From Publishers Weekly

The retrofitted U.S. Navy tugboat Polaris set out on an expedition for the North Pole in 1872. After getting stuck among ice floes off the coast of Greenland for months, its multinational crew of 25 (plus eight women and children) were separated, with half trapped on the ship and the others trapped on an ice floe onto which they had temporarily decamped. Poet and novelist Heighton (The Shadow Boxer) brilliantly riffs off (and presents snippets of) the diary and memoir of real-life Lt. George Tyson, who was among the ice floe denizens; they survived seven more months before being rescued. When the captain dies under mysterious circumstances, Heighton focuses on Kruger, a German nonconformist who believes "the idiot willingness to take sides is what feeds the abattoir of history." Latent romantic feelings between Kruger and the group's married Esquimau translator, Tukulito, or "Hannah," further complicate an already desperate situation. Tyson, who eventually took command, skillfully manages to steer the diminishing floe to waters frequented by sealers and steamers. Heighton is terrific on the group's isolation and Tyson's often laconic responses to it. He's less good in dramatizing the postexpedition lives of Tukulito, Tyson and Kruger, but this novel's scale, its delight in detail and its psychological insight make it an exceptionally satisfying adventure.
Copyright © Reed Business Information, a division of Reed Elsevier Inc. All rights reserved.

From Booklist

Heighton revisits the catastrophe of the 1871 Polaris expedition, in which 19 members of the crew were cast adrift on the ice off the coast of Greenland.

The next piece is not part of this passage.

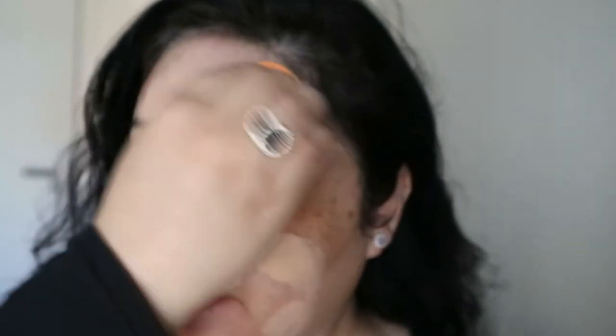This foundation usually doesn't set matte and does sometimes make my t-zone quite oily, so I just want to test this and see if it makes a difference. I've completely covered my face with foundation — please excuse my under eyes, I'll cover them next. Let me zoom in so you can see what the foundation looks like. I don't see any difference as yet.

Using the historical record to ground his fictional recounting of what happened once these men, women, and children were accidentally separated from the ship, he then allows his imagination to supply the stories behind the tension that drove the small group apart. Heighton also follows the lives of three of the survivors after their rescue, showing how easily memories can become flawed in the light of public approval and how casually events can be interpreted in many different ways. Ultimately, Heighton suggests that surviving on the ice is the easy thing to do when compared to life in a waiting world with its own ideas about exploration and bravery. It is never easy choosing sides in any drama, shows the author, and it is even more difficult to explain those choices in the years that follow. Colleen Mondor
Copyright © American Library Association. All rights reserved

Product Details

  • Hardcover: 416 pages
  • Publisher: Houghton Mifflin Harcourt (February 6, 2006)
  • Language: English
  • ISBN-10: 0618139346
  • ISBN-13: 978-0618139347
  • Product Dimensions: 8.4 x 5.7 x 1.6 inches
  • Shipping Weight: 1.4 pounds
  • Average Customer Review: 4.8 out of 5 stars  See all reviews (8 customer reviews)
  • Amazon Best Sellers Rank: #1,050,210 in Books (See Top 100 in Books)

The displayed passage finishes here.